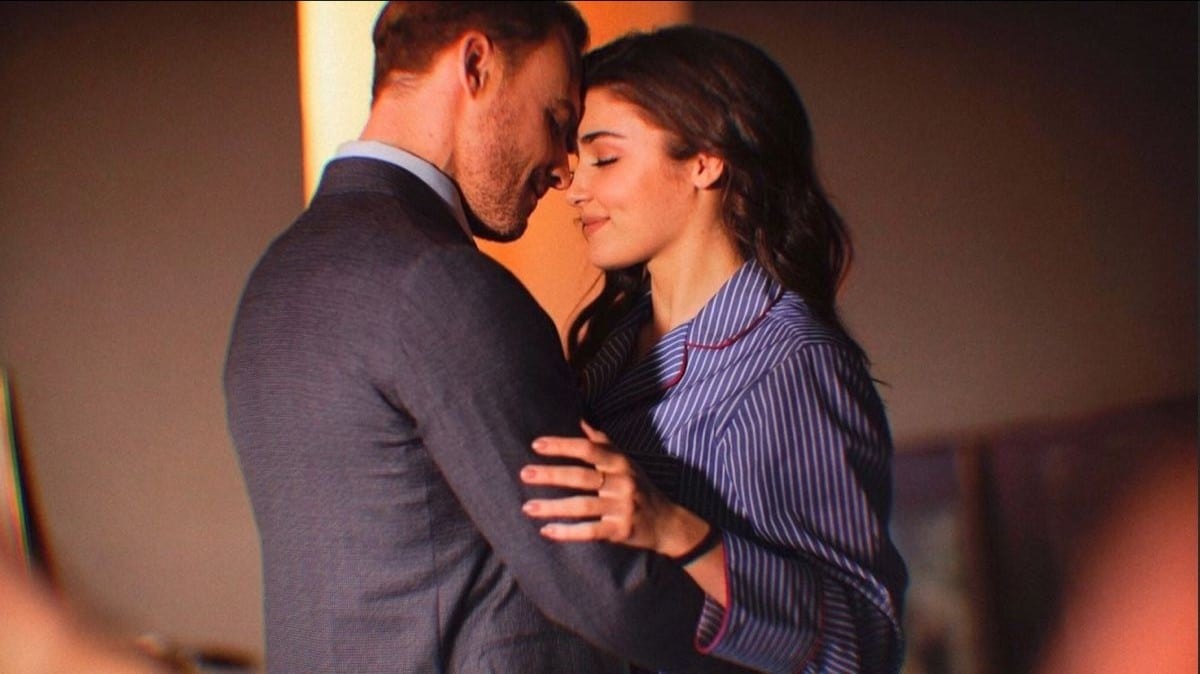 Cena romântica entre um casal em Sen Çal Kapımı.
==
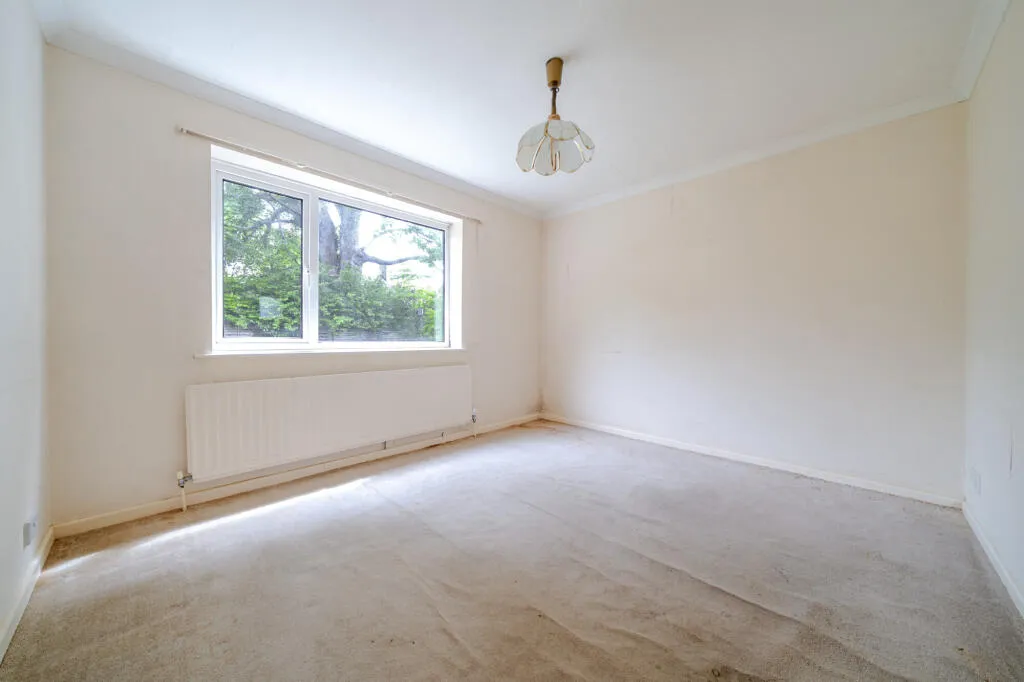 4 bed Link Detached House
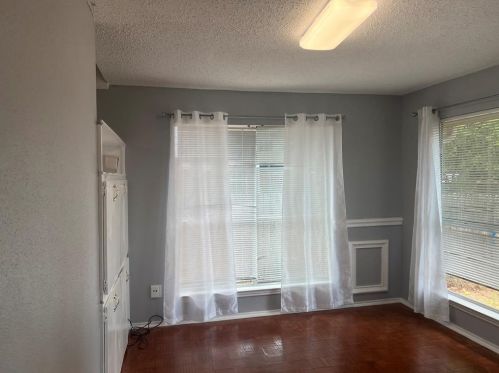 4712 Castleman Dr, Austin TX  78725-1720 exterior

Task to carry out — Your answer must be the exact lines from the records above, from the one containing "4 bed Link Detached House" through the one containing "4712 Castleman Dr, Austin", both included, with every picture left out.

Solution for this exercise —
 4 bed Link Detached House
 4712 Castleman Dr, Austin TX  78725-1720 exterior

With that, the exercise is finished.